Index estimate by first Betti number of minimal hypersurfaces in compact symmetric spaces
Toru Kajigaya, Keita Kunikawa
TL;DR
This work advances index estimates for minimal hypersurfaces in compact semi-simple Riemannian symmetric spaces by introducing trace-formula methods that leverage harmonic 1-forms and wedge^2 g structures. By embedding the ambient manifold into a compact semi-simple RSS and constructing test variations linked to the ambient Killing fields, the authors derive explicit trace identities that bound the Morse index in terms of the first Betti number b1(Σ). The main result yields a universal linear bound index(Σ) ≥ 2/(d(d−1)+2(2n−3)) · b1(Σ) for unstable Σ, with corollaries for two-sided and simply-connected M and applications to Berger spheres and K-projective geodesic spheres.

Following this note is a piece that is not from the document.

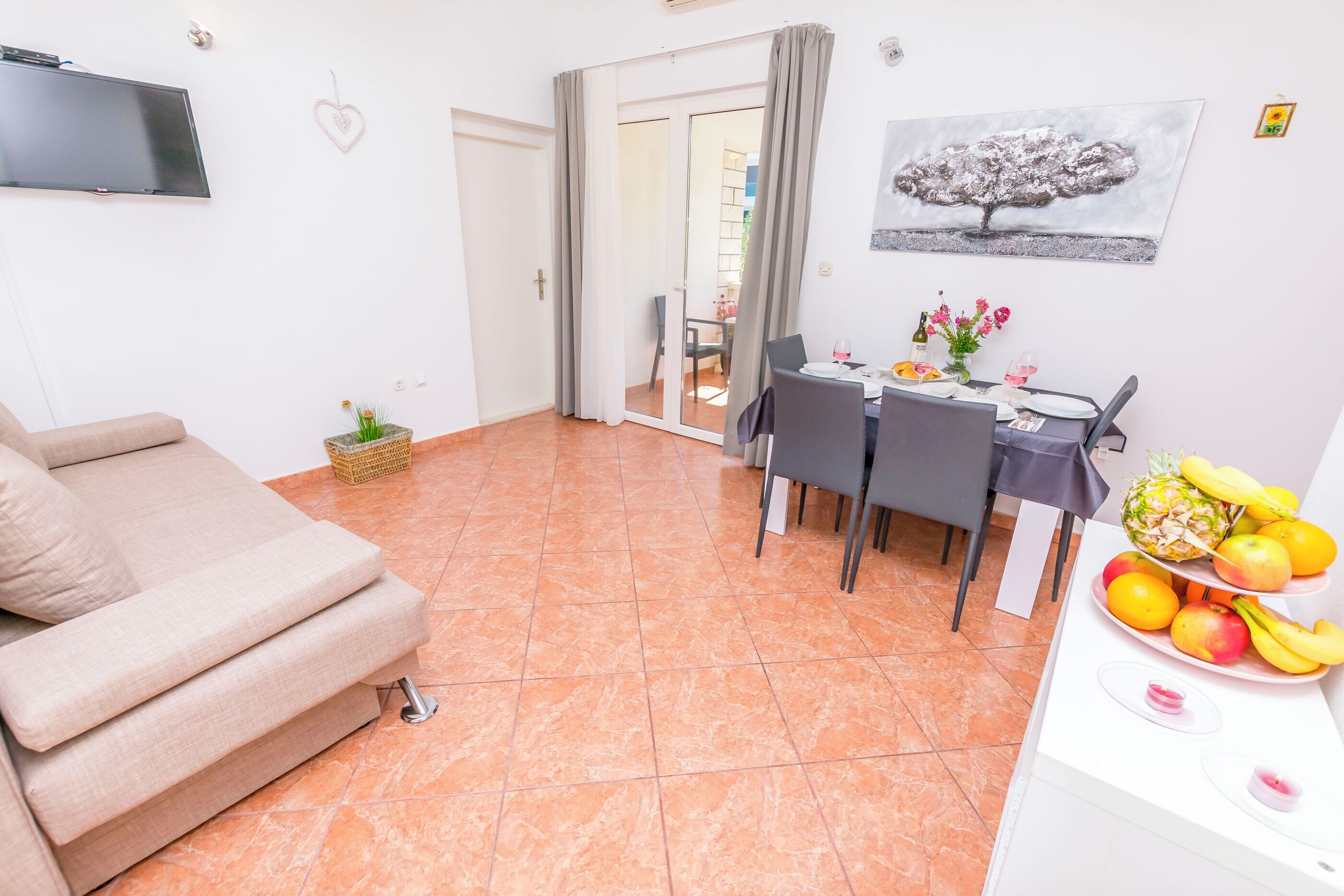 Departamento (A5) | Cocina privada | Refrigerador, microondas, parrilla de estufa y cafetera de espresso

The framework generalizes and unifies prior approaches (Savo, ACS, MR) and provides concrete geometric criteria to certify index bounds in families of symmetric spaces, contributing toward the Marques–Neves–Schoen conjecture in this broader setting.
Abstract
We show that the Morse index of unstable closed minimal hypersurface $Σ$ in a compact semi-simple Riemannian symmetric space $M=G/K$ is bounded from below by constant times the first Betti number of $Σ$. Our proof is based on a natural extension of the previous method and this also provides a novel approach for the index estimate.